§ **RECORDS PROVIDED**:
--------------------------------

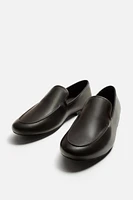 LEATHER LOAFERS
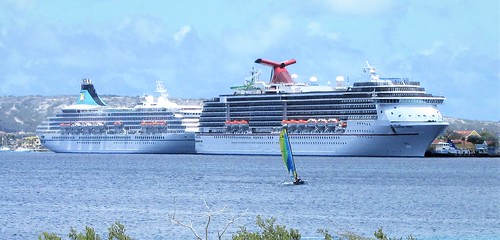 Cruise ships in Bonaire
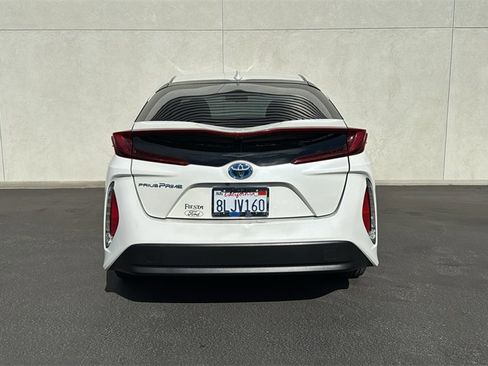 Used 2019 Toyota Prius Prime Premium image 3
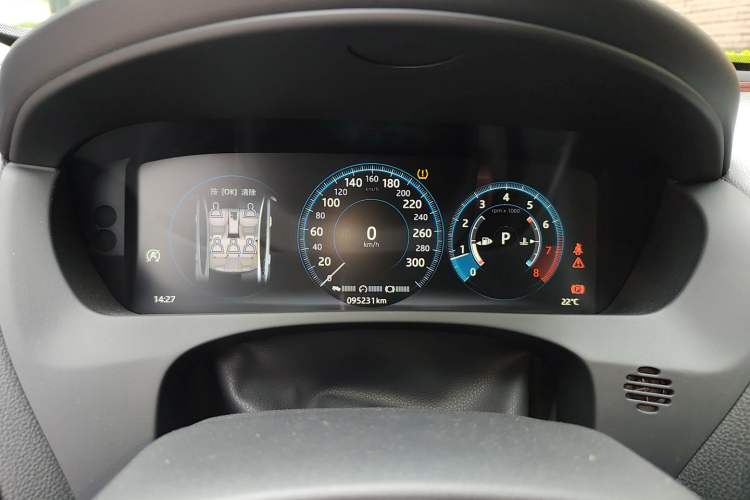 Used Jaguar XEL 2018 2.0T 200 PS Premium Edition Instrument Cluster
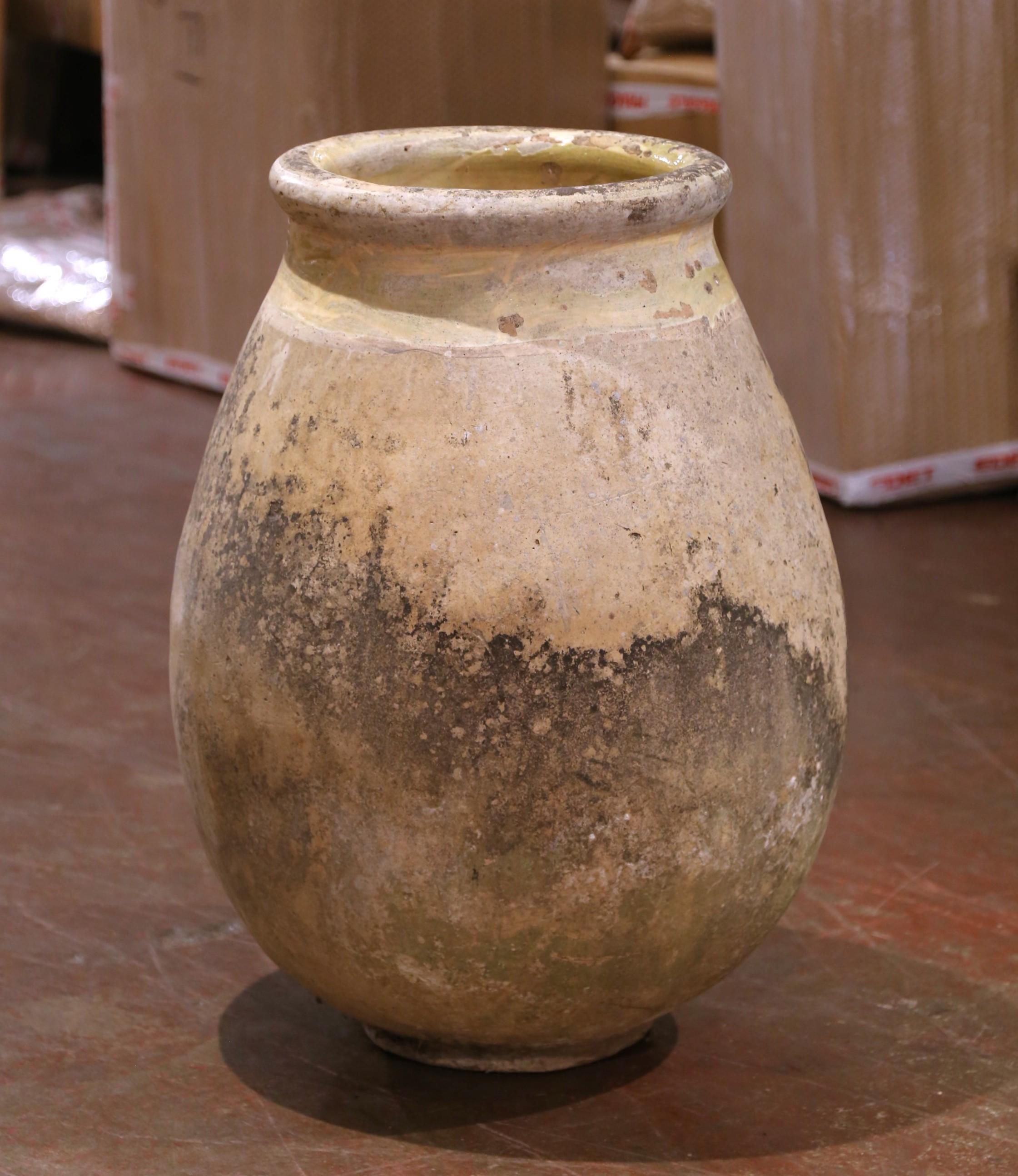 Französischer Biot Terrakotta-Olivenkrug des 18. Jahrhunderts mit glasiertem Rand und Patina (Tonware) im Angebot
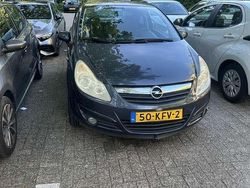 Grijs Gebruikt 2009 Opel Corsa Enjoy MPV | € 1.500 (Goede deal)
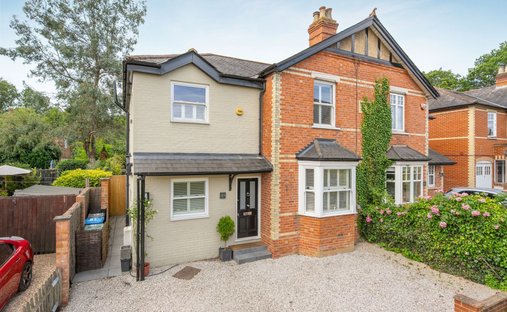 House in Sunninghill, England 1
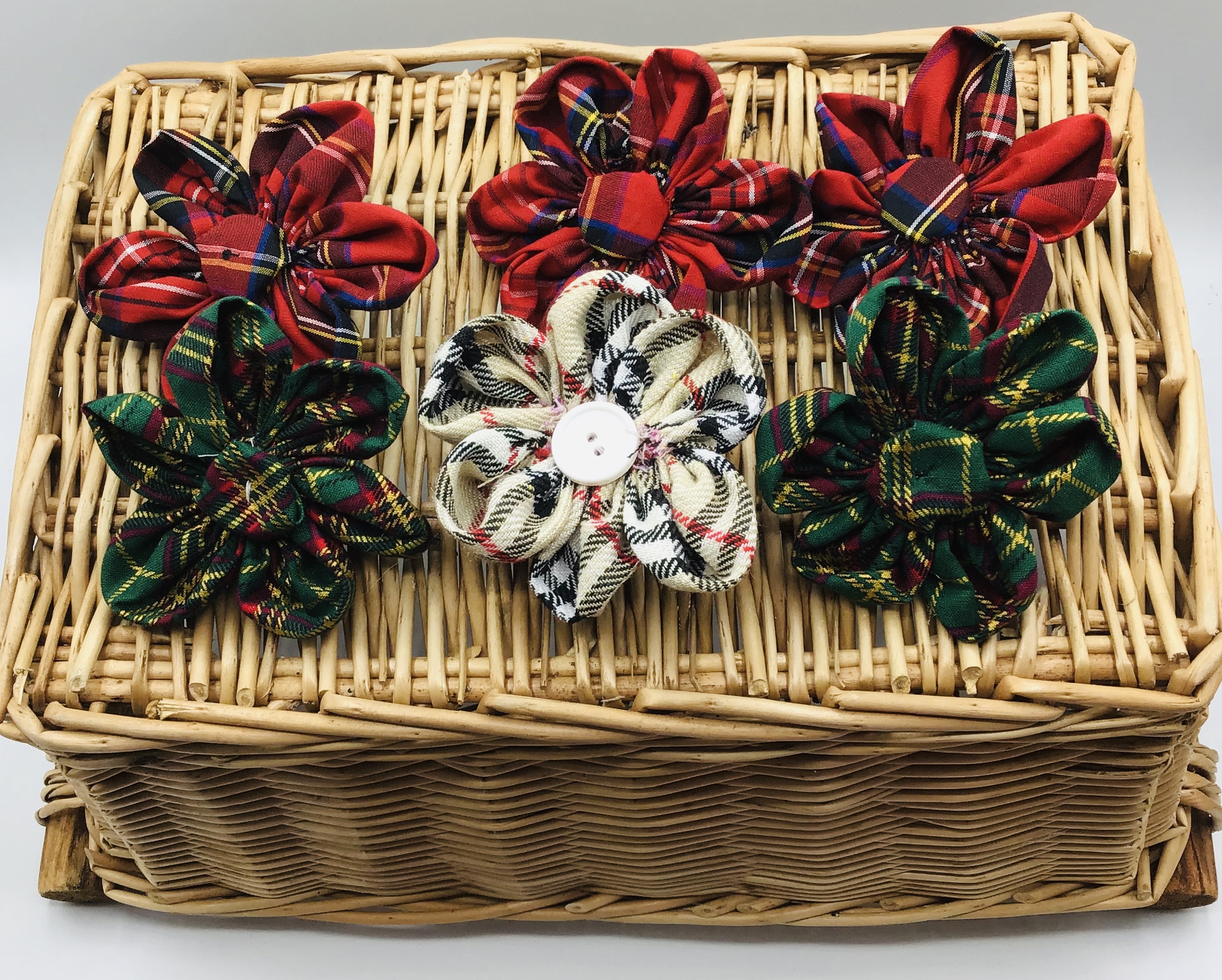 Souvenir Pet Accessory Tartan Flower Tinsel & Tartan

--------------------------------

§ **DESCRIPTION OF THE TASK**: Nothing but the pictures is to be left out; repeat the data exactly.

§ **RESULT**:
 LEATHER LOAFERS
 Cruise ships in Bonaire
 Used 2019 Toyota Prius Prime Premium image 3
 Used Jaguar XEL 2018 2.0T 200 PS Premium Edition Instrument Cluster
 Französischer Biot Terrakotta-Olivenkrug des 18. Jahrhunderts mit glasiertem Rand und Patina (Tonware) im Angebot
 Grijs Gebruikt 2009 Opel Corsa Enjoy MPV | € 1.500 (Goede deal)
 House in Sunninghill, England 1
 Souvenir Pet Accessory Tartan Flower Tinsel & Tartan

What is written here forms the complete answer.